Mesirow Financial Takes Significant Stake in Akre Focus ETF
By John Nada·Feb 20, 2026·4 min read
Mesirow Financial has acquired over 2 million shares of the Akre Focus ETF, reflecting a strategic shift towards quality investments amid market volatility.
On February 4, 2026, Mesirow Financial Investment Management disclosed a substantial new position in the Akre Focus ETF, acquiring over 2 million shares. This investment is valued at $131.8 million based on the ETF's trading price at the end of last year, marking a notable 2.7% of Mesirow's total assets under management as reported in their recent SEC filing.
The Akre Focus ETF, which operates under an active management strategy, emphasizes high-quality U.S. companies with strong returns on capital and disciplined management. This ETF replicates the successful strategy of the original Akre Focus mutual fund, founded in 2009, which has built a commendable track record over the years. The mutual fund has been recognized for its ability to identify and nurture companies that demonstrate consistent growth and sound management principles, making the transition to an ETF format an attractive option for investors seeking similar benefits in a more flexible investment vehicle.
Mesirow's decision to add a large position in the Akre Focus ETF aligns with its recent strategy shift of reducing holdings in several large-cap tech stocks, including Apple and Microsoft.
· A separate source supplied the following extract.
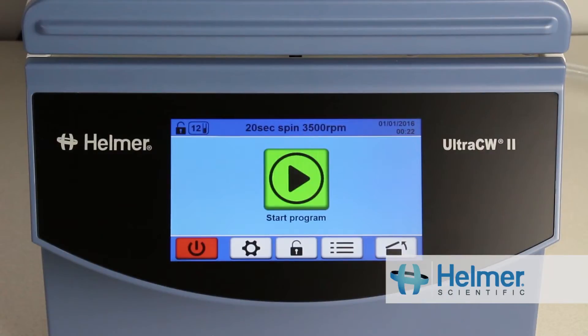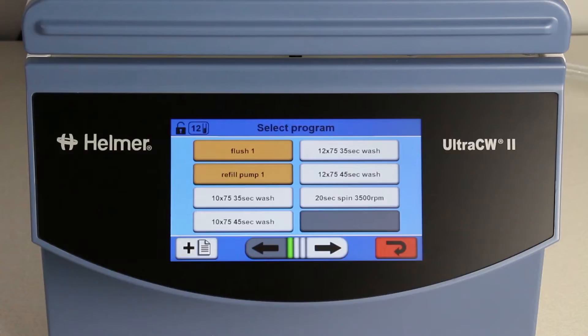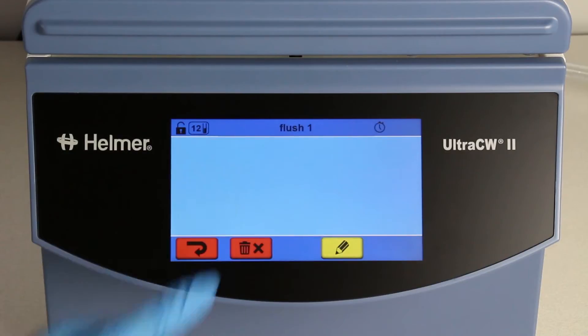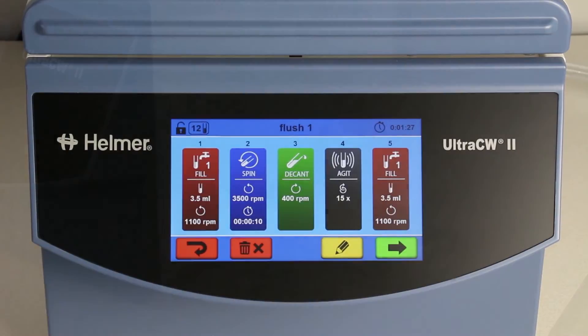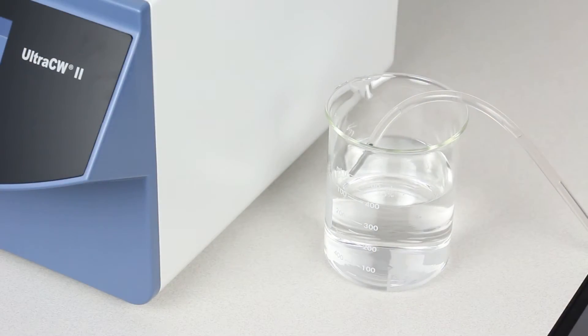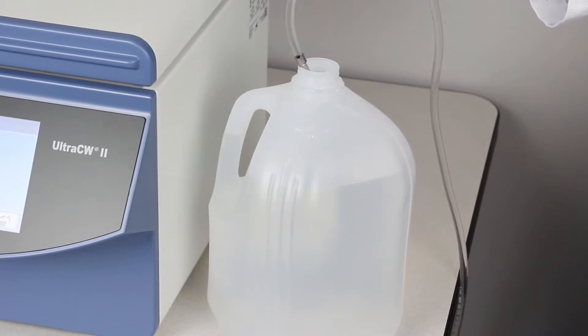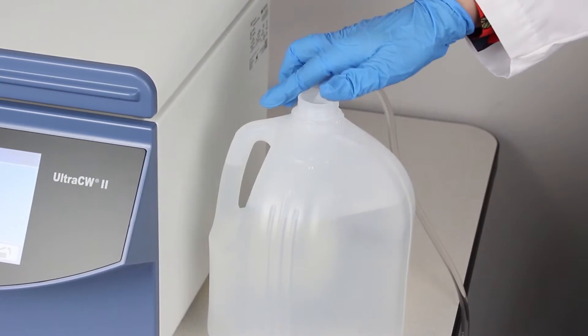This video provides a demonstration of the cleaning process for the ULTRA-CW2 Automatic Cell Washing System from Helmer Scientific. The ULTRA-CW2 offers a convenient cleaning procedure. The FLUSH program is designed to automatically clean the chamber and saline inlet and outlet, eliminating the need for manual cleaning and reducing downtime.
This move highlights a broader trend in investment management, where firms are increasingly seeking exposure to funds with solid historical performance and a focus on quality over quantity. The implications for the financial markets are significant, as this shift could signal a growing preference among institutional investors for actively managed funds that prioritize fundamentals over market trends.
As of February 4, 2026, AKRE shares were priced at $58.33, which is notably 14.5% below the 52-week high. This drop in price reflects a challenging year for the ETF, as it was down 14.5% over the last year, underperforming the S&P 500 by a staggering 30 percentage points. Despite this underperformance, the strategic investment by Mesirow Financial may indicate a belief in the long-term recovery potential of the ETF and the underlying companies it invests in.
The Akre Focus ETF operates within the financial services sector, specifically in asset management. It offers a diversified portfolio that includes U.S. equities, preferred stocks, warrants, options, cash equivalents, and select foreign securities. This diversification provides a cushion against volatility and positions the fund to capitalize on opportunities across various market segments. The fund's focus on high-quality U.S. companies with strong shareholder returns and disciplined management is particularly appealing in times of economic uncertainty.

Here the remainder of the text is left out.